Dry suits: Dry suits with seals and straps at the neck, wrists, and ankles keep out excess water. Most are designed for use in water colder than 60 degrees and on deeper dives. You may want to add a hood and booties if you venture into waters below 50 degrees.
Full-length wetsuits: A full-length wetsuit covers your arms and legs to the wrists and ankles. Scuba divers typically wear them in 65- to 72-degree waters.
Full suits: One-piece full suits enclose you from the neck to the ankles (some are available with shorter legs). Scuba divers typically wear them in 60- to 65-degree waters.
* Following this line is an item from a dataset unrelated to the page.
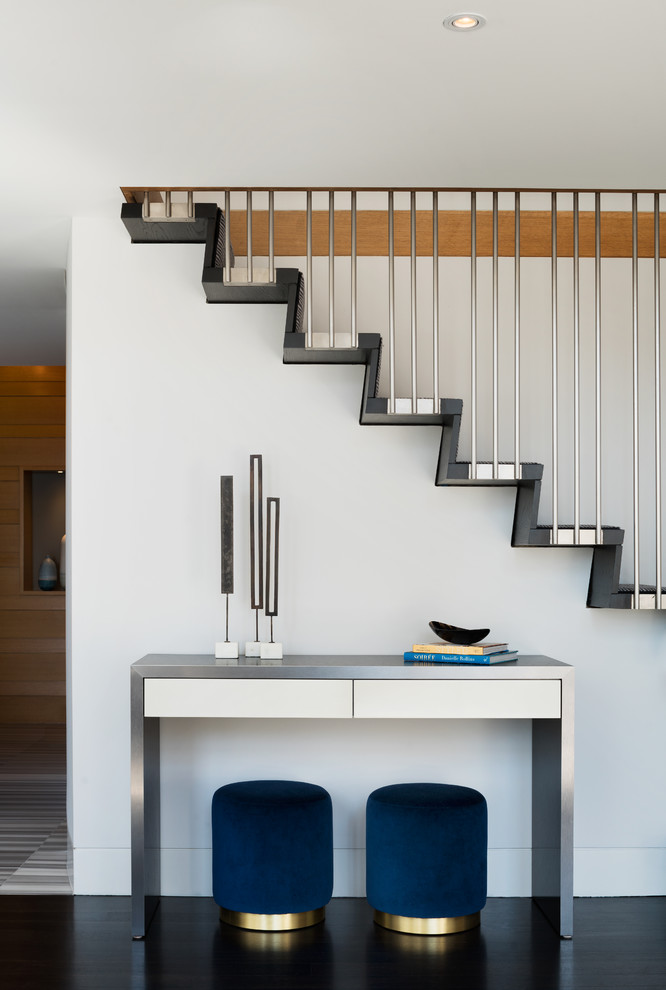 This is an example of a mid-sized contemporary straight staircase in New York.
¾ wetsuits : Short-sleeved, ankle-length, ¾ wetsuits are one-pieces worn in 72- to 80-degree waters.
Shortie: Shorties are short-sleeved, short-legged, one-piece wetsuits worn in 72- to 80-degree waters.
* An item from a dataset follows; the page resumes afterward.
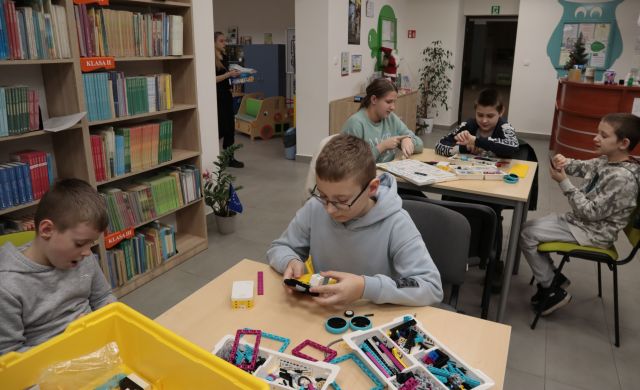 Na zdjęciu znajduję się dwójka chłopców przy stoliku składających LEGO, za nimi przy stoliku siedzi dwójka chłopców i jedna dziewczyna, którzy również układają LEGO. Po lewej stronie znajdują się półki z książkami.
See underwater with a scuba diving mask
Consider size and construction when purchasing a scuba mask.
Scuba mask sizing: Masks are available in small, medium, and large sizes with smaller masks delivering the tightest seal. Low-volume scuba masks offer less distortion and greater peripheral vision, while double-flanged face seals keep your mask even more water- and airtight.
Scuba mask construction: Most scuba masks are made of durable, lightweight plastic and non-allergenic silicone masks. Manufacturers often employ distortion-free tempered glass for lenses. Both single- and double-lens masks are available (the latter offer enhanced peripheral vision).
Fit your scuba fins
If you’re male, use your usual shoe size when choosing scuba fins. If you’re female, subtract one-half to two sizes from your usual shoe size. Next, pick a model ideal for your body type: larger, stiffer fins are best for divers with strong legs and hips, while the smaller, flexible fins are ideal for smaller divers. Both open-heel and full-foot fins are available.
Open-heel scuba fins: Open-heel scuba fins are worn over neoprene booties.
Full-foot scuba fins: Full-foot scuba fins are worn over bare feet or thin Lycra or neoprene socks. They are not designed for use in water colder than 70 degrees, near coral reefs, nor in other potentially abrasive settings.
Take the Pressure Off With Scuba Tanks
Packing sufficient air and monitoring its pressure are crucial when you scuba dive.
Choose a scuba tank
Your scuba tank should be lightweight, yet roomy enough to hold all the air you need on your dive. A 50 to 63 cubic foot tank is sufficient for shallow diving; the 80-cubic-foot tank is best on deeper (130-foot) excursions. There are also 100-cubic-foot tanks available for “heavy breathers” as well as pony bottles of 40 cubic foot or less (used as a backup air supply).
Regulate your airflow
Scuba tanks contain high-pressure air that must be converted to breathable air by scuba tank regulators. Monitoring your air pressure is an important prevention against the bends. Be sure to choose a hose and mouthpiece ideal for your use.
Buy buoyancy compensators (BC)
The buoyancy compensator (BC) keeps you and your tank afloat at varying depth levels. Pick a BC ideal for your size, shape, and diving style and test its valves and vents before use.
Accurately calculate decompression time
Dive computers track your decompression time at various diving depths, as well as stop times, breathing rates, total dive time, and other crucial information. Some even sound alarms when problems occur.